Friday, December 30, 2011

Looking back at the solstice

Well, this week's Dark Days Challenge was a wash. Between visiting friends and rushing around and eating out, I didn't do very much cooking. With my favorite farmers' market closed for the holidays (two Sundays in a row!), I have gone out of my way to visit other markets, but even then, there were less vendors and therefore less variety. So for the fifth installment, I'm looking back at last week, to the meal I made to celebrate Yule, also known as the winter solstice.

There are eight neo-pagan festival days, called sabbats, which happen throughout the year. I especially love celebrating these days because they mark the changing of the seasons, which allows me to truly appreciate what is happening right now (in nature, with the weather, and with local produce) and gets me excited about what's soon to come. When I cook on these days, I typically turn to a cookbook called Cooking by Moonlight (out of print, unfortunately). Because neo-paganism emphasizes seasonality and taking cues from our natural surroundings, this book really speaks to the way that I like to cook, using seasonal, organic ingredients and putting together ingredients in a mindful way. For the solstice, I decided to make Orange-Marinated Rockfish over Warmed Spinach with Walnuts with Thyme Smashed Potatoes.

The original recipe called for salmon, but H&H Fish at the market was selling Monterey Bay-caught (60 mi) rockfish, also known as rock cod, at a reasonable price. I brought the ziptop bag home and marinated the fish in a mixture of juice from oranges from Rojas Family Farms (190 mi, just outside my foodshed — d'oh!), Meyer lemon juice from a friend's tree (11 mi), and a little sage honey from the Golden Comb (110 mi). Then I baked it in the oven and served it on top of some sauteed spinach from Tomatero Farms (40 mi) with walnuts from a vendor whose name I forget (so I can't look them up right now), with a little more of the citrus sauce drizzled on top. On the side, I made smashed Yukon Gold potatoes from Happy Boy Farm (40 mi), seasoned with Strauss (90 mi) milk and butter and thyme from my garden. The original recipe called for dill, but I don't grow that particular herb and didn't have any locally-grown on hand.
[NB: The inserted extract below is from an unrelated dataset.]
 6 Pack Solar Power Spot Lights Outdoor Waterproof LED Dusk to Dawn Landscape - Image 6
The meal was a really nice way to celebrate the return of the sun and to welcome the longer days ahead. The full recipes are after the jump.
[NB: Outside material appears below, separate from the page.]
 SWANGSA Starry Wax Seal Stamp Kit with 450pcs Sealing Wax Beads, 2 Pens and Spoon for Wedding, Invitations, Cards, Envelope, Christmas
 Orange Marinated Rockfish
(adapted from Karri Ann Allrich's Cooking by Moonlight)

2 rockfish fillets (or salmon or other fish of medium thickness)
2-3 oranges
1 tbsp fresh lemon juice
1 tbsp mild-tasting honey

Zest an orange until you have 1 tbsp of zest. Peel the orange, and pull out the sections, cleaning away the pith and seeds. Juice the other oranges until you have 3/4 c of juice. Combine the zest, orange and lemon juices, and honey to make a marinade. Pour half of the mixture into a shallow dish. Place the fish fillets into the dish, turning to coat. Season with salt and pepper. Cover and marinate up to an hour.

Preheat the oven to 425°F. Roast the fish in the oven for 8 to 12 minutes, depending on the thickness. Meanwhile, pour the remaining marinade into a small saucepan, and bring to a simmer, stirring, until it begins to reduce and thicken, about 5 minutes. Remove from heat and add the orange sections.

To serve, place a fillet on a plate (or bed of spinach, recipe follows) and spoon the reduced sauce over top.

Serves 2.

Warmed Spinach with Walnuts
(adapted from Karri Ann Allrich's Cooking by Moonlight)

1/2 lb. of mature spinach, such as the Bloomsdale variety
1/3 c walnut pieces, lightly toasted

Wash the spinach thoroughly. In a large pan over medium-low heat, place the wet spinach, and allow to wilt. Season with salt and pepper (and, if not restricted by lack of local availability, add a little sesame oil and balsamic vinegar). Toss with walnuts and serve.

Smashed Thyme Potatoes
(adapted from Karri Ann Allrich's Cooking by Moonlight)

1/2 lb. Yukon Gold potatoes, cut into chunks
2 tbsp butter
1/4 c whole milk
2 tsp fresh thyme

Place the potatoes in a pot of cold, salted water. Bring to a boil, and cook until tender, about 15 minutes. Drain and gently smash them with a masher or fork. Add the butter, milk, thyme, salt, and pepper.